The standard car is great and does not have significant understeer. It handled like my race prepped car, so I would think for 98% of the people that buy this car, it is enough. For a very high percentage, they will never get beyond the performance envelope that the non-LSS car enjoys.

I don't know if I can't stress this enough. The non-LSS car freaking rocks and will be more than enough for most anyone.

Lotus said that they expected that the LSS car should only be bought by people who knew how to handle midengined oversteer, and I can agree to some extent with that. Or my recommendation is to take it easy, be careful, and get some autocross experience. Lotus UK thought that LSS was for people that bought the car as a track car, not a daily driver. And not for someone that just occasionally tracks the car. So they planned on 300 cars per year would have LSS.

As I said a year ago, more people will order it because of the mindset that a premium option means it's better.
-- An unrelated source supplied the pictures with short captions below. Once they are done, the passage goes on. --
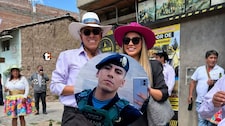 ¡La mató después de ir a bailar! Policía asesinó a su pareja de un balazo tras fiesta en Huancayo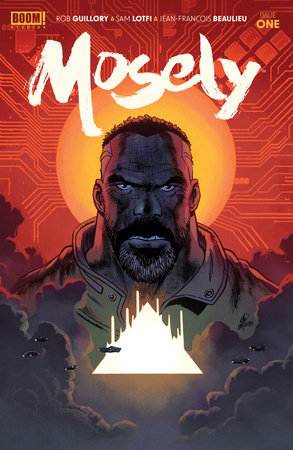 Couverture : Mosely #1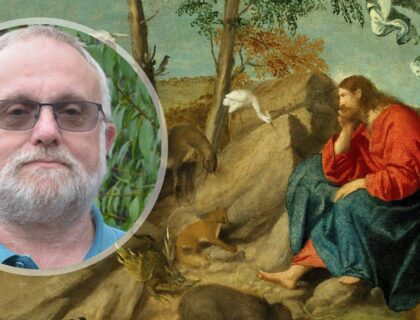 Commentaire de l’Evangile de ce dimanche par le diacre Jacques Delcourt : « Carême 2.0 »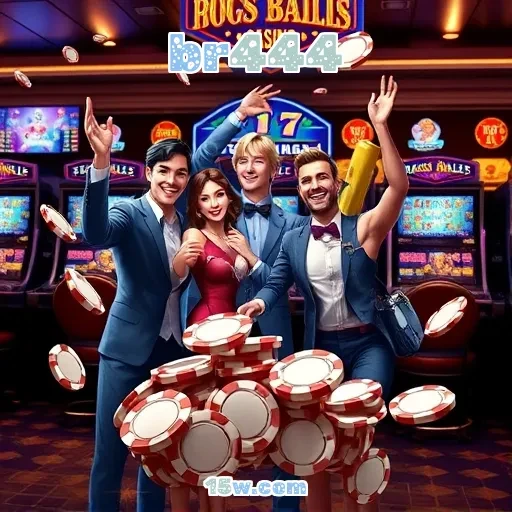 br444: Descubra os Encantos dos Jogos Educativos e Aprenda Brincando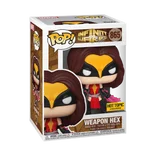 Weapon Hex #865 Funko Pop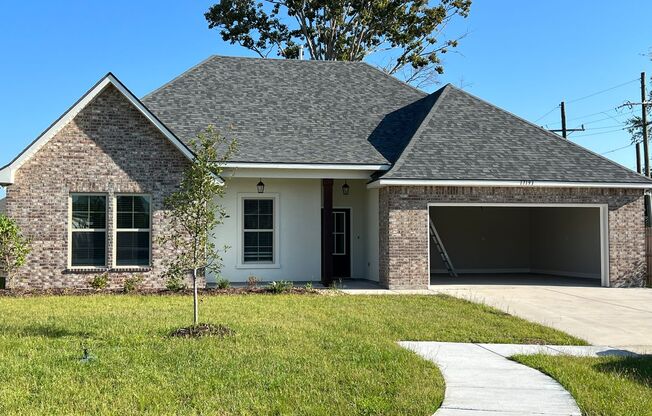4 Bedroom House in Ascension School District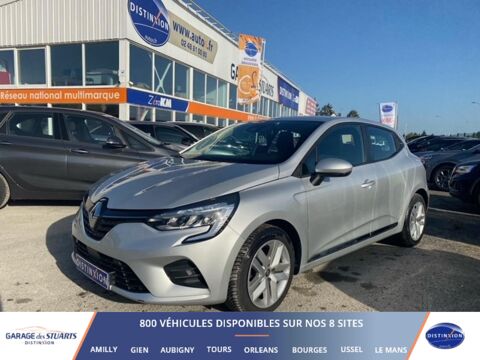 Renault Clio 1.0 Tce - 100 - Business + APPLE CARPLAY 2020 occasion Saint-Doulchard 18230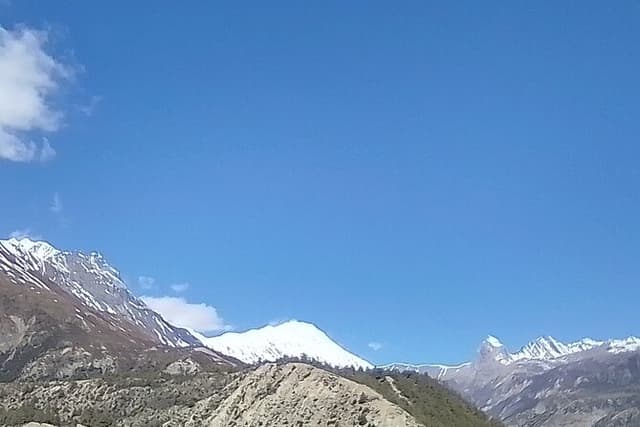 13 Days Annapurna Circuit Trek from Kathmandu 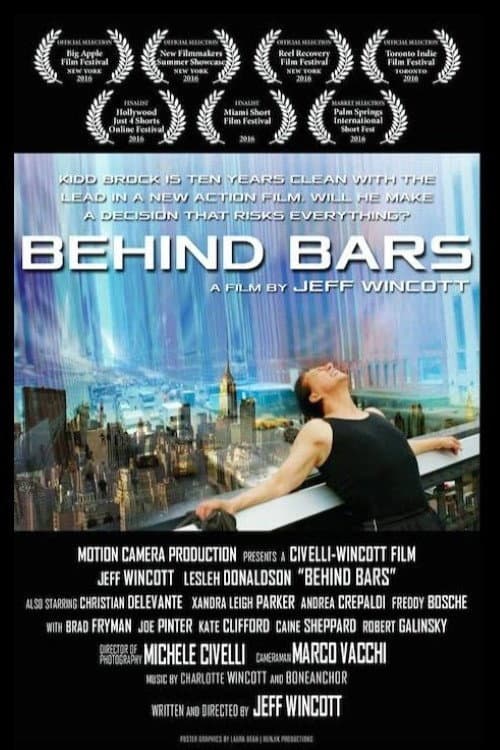 Behind Bars (2016) poster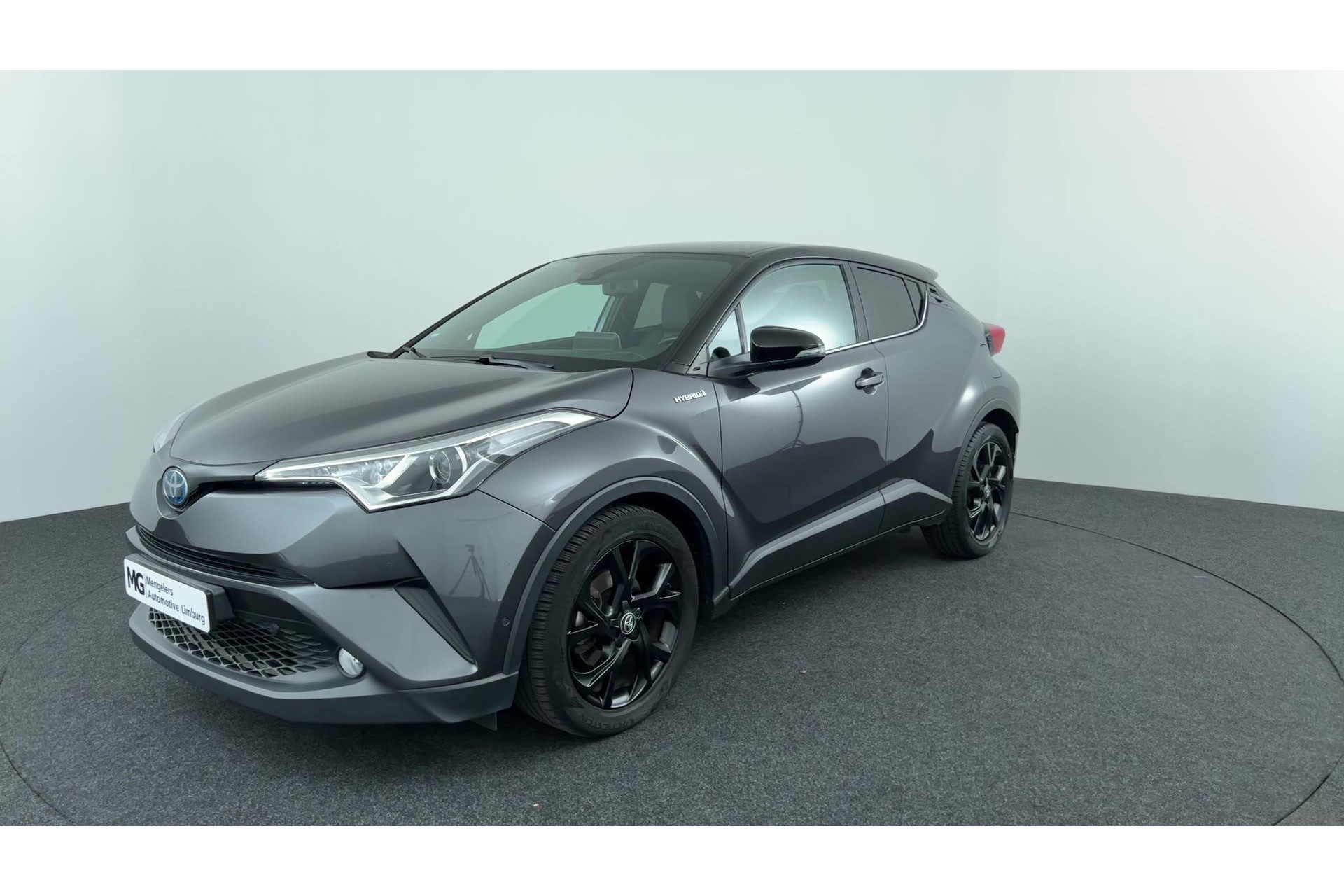 Toyota CHR 1.8 Hybrid Style Leder Toyota occasions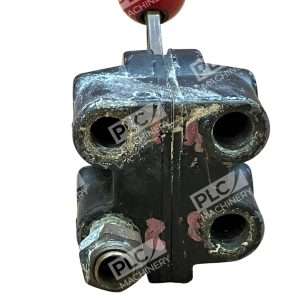 Schrader Bellows 4Way 14NPT Slide Seal Valve 8240109 227004621673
Even if it's not. It's different.

Lotus said that they were also concerned that the LSS ride would be too rough and people would not be happy and dealers were strongly encouraged to not get LSS cars for demos. Well, buyers and dealers ignored that. :) I think for me, I don't agree with Lotus on this. I think they worry too much about the perception that Americans are very used to soft cars when they sell off that Buick and buy the Lotus, they won't be happy. But maybe some people will feel that way. Some people think the Miata is too stiff.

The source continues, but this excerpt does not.